[Material shown Boundary: Start]

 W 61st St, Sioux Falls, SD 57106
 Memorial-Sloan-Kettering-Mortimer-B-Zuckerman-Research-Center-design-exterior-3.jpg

[Material shown Boundary: End]
[Material shown Boundary: Start]

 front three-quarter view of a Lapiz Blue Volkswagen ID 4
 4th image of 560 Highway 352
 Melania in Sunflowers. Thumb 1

[Material shown Boundary: End]
[Material shown Boundary: Start]

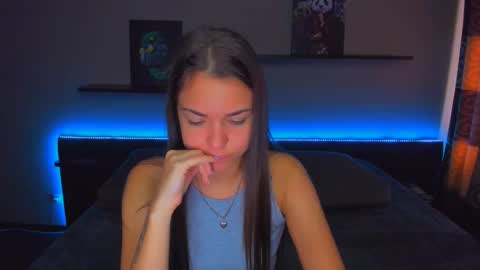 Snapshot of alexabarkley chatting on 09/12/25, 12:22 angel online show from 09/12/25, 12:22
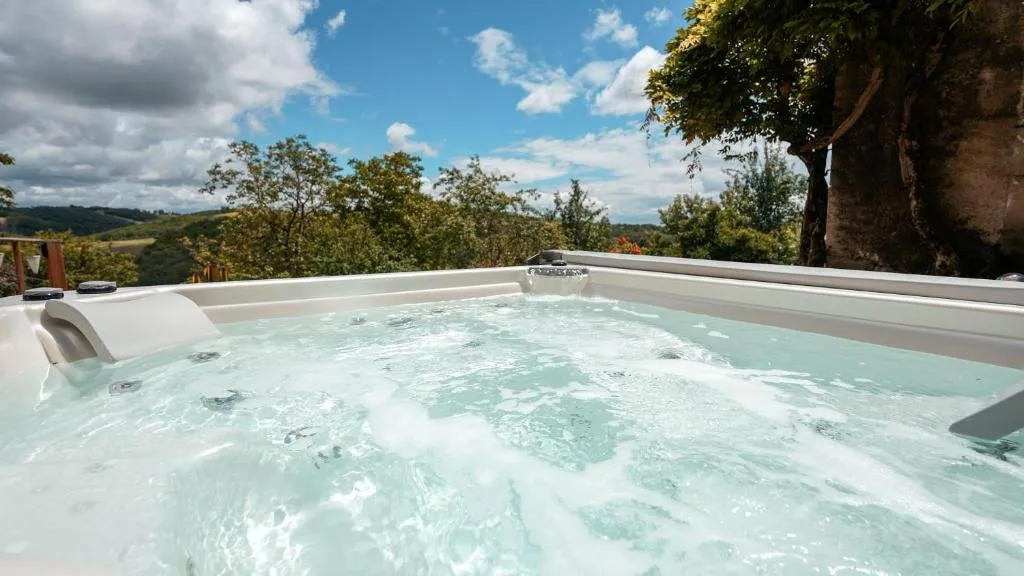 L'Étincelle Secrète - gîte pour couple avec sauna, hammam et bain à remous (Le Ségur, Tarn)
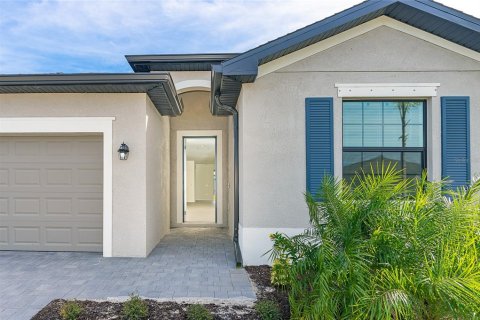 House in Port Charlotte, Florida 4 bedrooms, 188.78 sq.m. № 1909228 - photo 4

[Material shown Boundary: End]

Exercise
Output the lines of the records above exactly as they appear, from the line containing "front three-quarter view" through the line containing "Melania in Sunflowers. Thumb 1".

Exercise solution
 front three-quarter view of a Lapiz Blue Volkswagen ID 4
 4th image of 560 Highway 352
 Melania in Sunflowers. Thumb 1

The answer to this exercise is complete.